(Pictures with short captions)
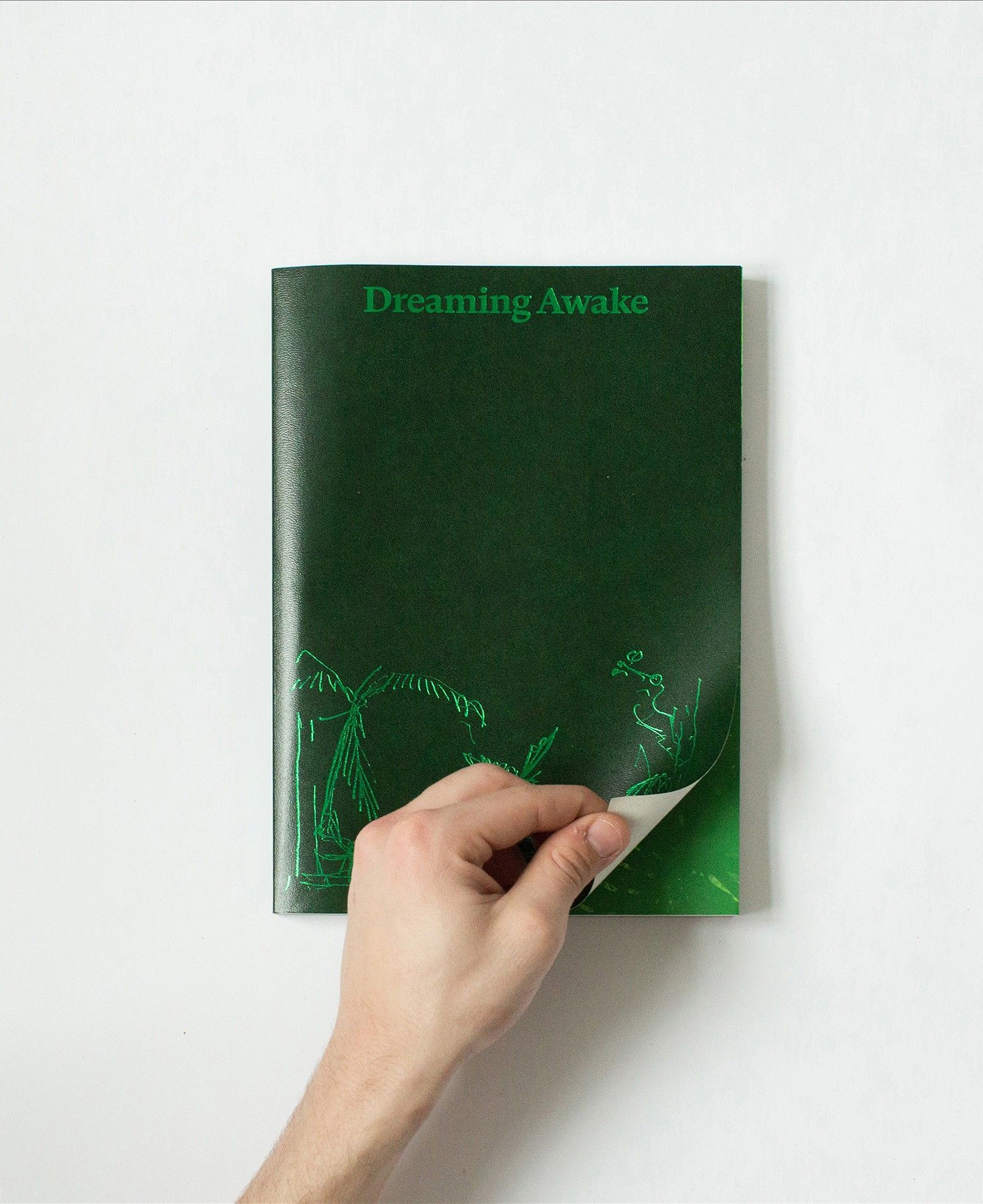 Cover of "Dreaming Awake" publication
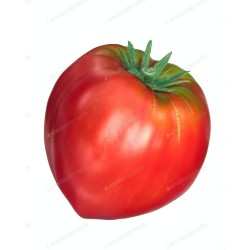 Pack 9 uds. PLANTAS DE TOMATE CORAZÓN DE BUEY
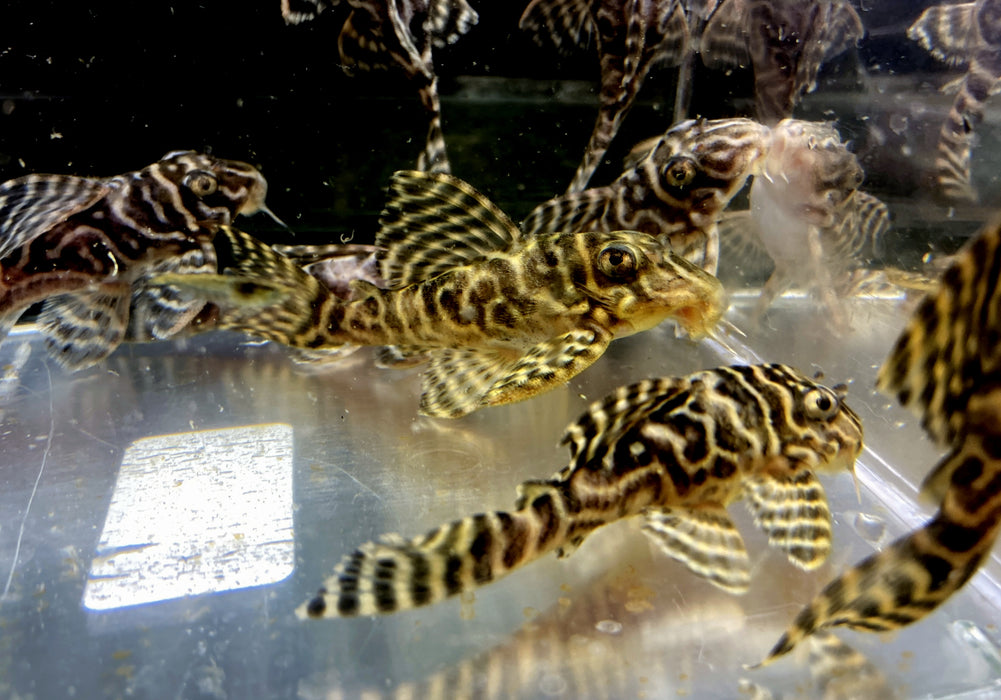 L236 Schmucklinienharnischwels BASIC (L) - Hypancistrus sp.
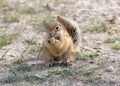 South African ground squirrel Kalahari Royalty Free Stock Photo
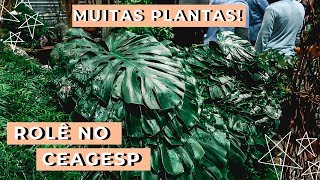 VLOG COMPRANDO PLANTAS NA MADRUGADA  FEIRA CEAGESP [upl. by Nnylirret]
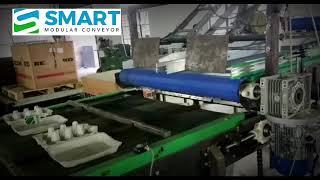 Egg Tray Transfer  Modular Belt Conveyor | Smart Modular Conveyor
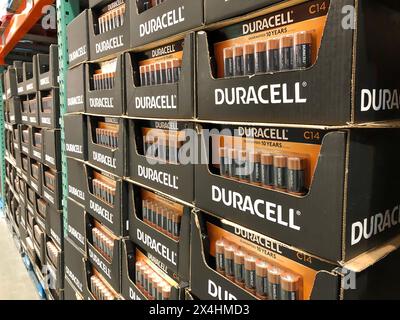 BAXTER, MN - 3. Februar 2021: Anzeige von Duracell C-Batterien zum Verkauf. Schwarz-goldene Alkali-Batterie im 14er-Pack auf einer Palette in einem Mitgliedslager Stockfoto
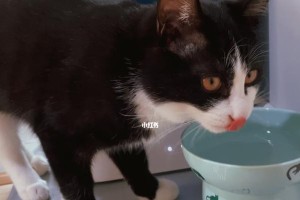 如何解决宠物猫咪不喝水的问题（从日常饮食到健康问题，细致解析猫咪不喝水的原因和应对措施）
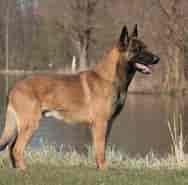 Image result for World Dansk Fritid husdyr Hunde racer Hyrde- og Kvæghunde Belgisk hyrdehund. Size: 188 x 185. Source: denstoredanske.lex.dk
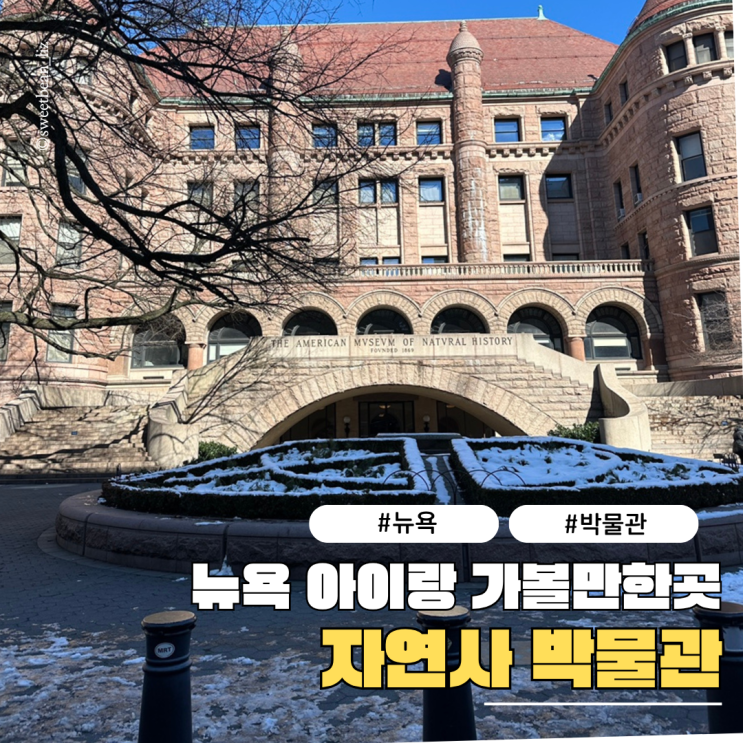 뉴욕 아이랑 함께라면 꼭 가야할 미국 자연사박물관 기부입장정보
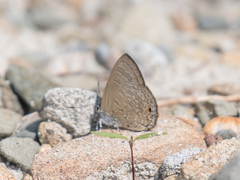 Anthene emolus emolus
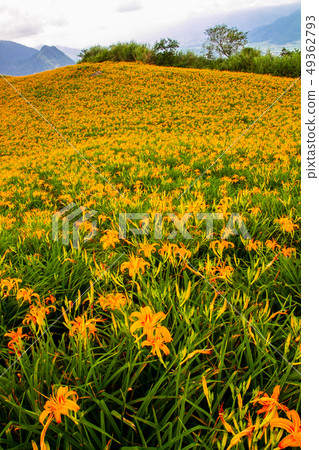 台灣花蓮富里六十石山金針花海Asia Taiwan Hualien Mountains 49362793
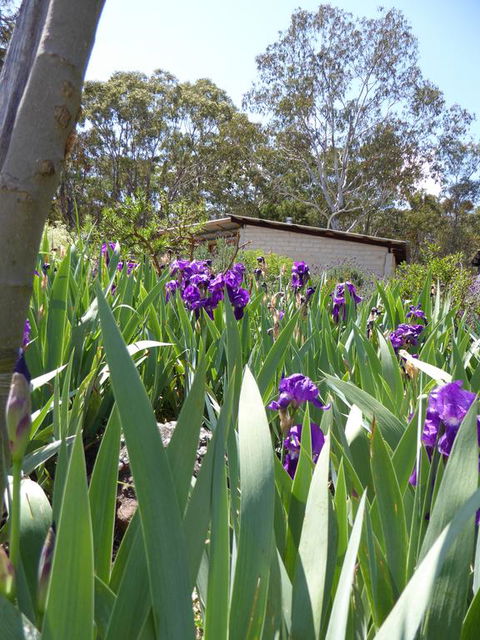 Lakeside Lodge Armidale - Accommodation Kalgoorlie 3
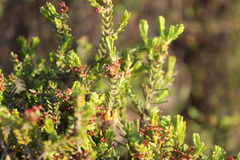 Passerina obtusifolia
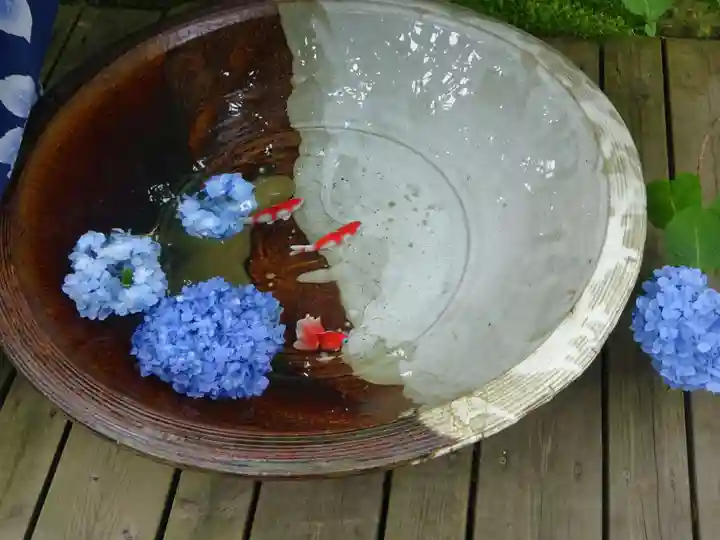 明月院の手水舎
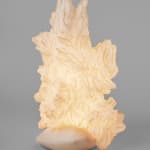 Pia Maria Raeder, Sea Anemone 22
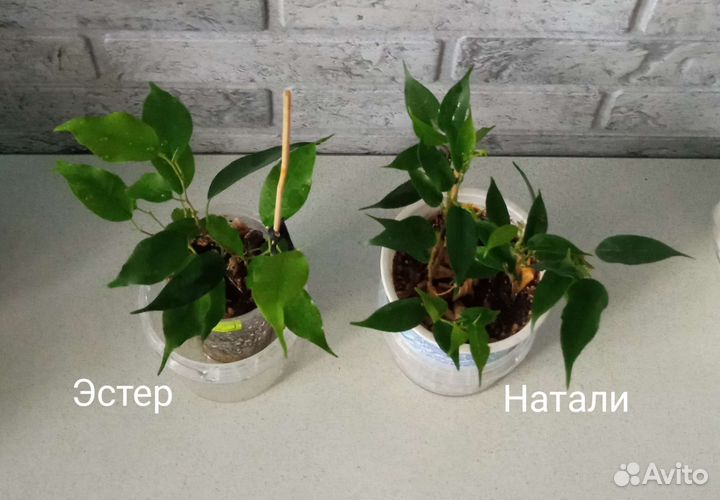 Фикусы, папоротники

- Problem to work on -
Only the lines from the one with "뉴욕 아이랑 함께라면 꼭 가야할 미국 자연사박물관 기부입장정보" through the end of the data, both ends included, should be written out exactly, and no pictures should appear.

- Result of this task -
 뉴욕 아이랑 함께라면 꼭 가야할 미국 자연사박물관 기부입장정보
 Anthene emolus emolus
 台灣花蓮富里六十石山金針花海Asia Taiwan Hualien Mountains 49362793
 Lakeside Lodge Armidale - Accommodation Kalgoorlie 3
 Passerina obtusifolia
 明月院の手水舎
 Pia Maria Raeder, Sea Anemone 22
 Фикусы, папоротники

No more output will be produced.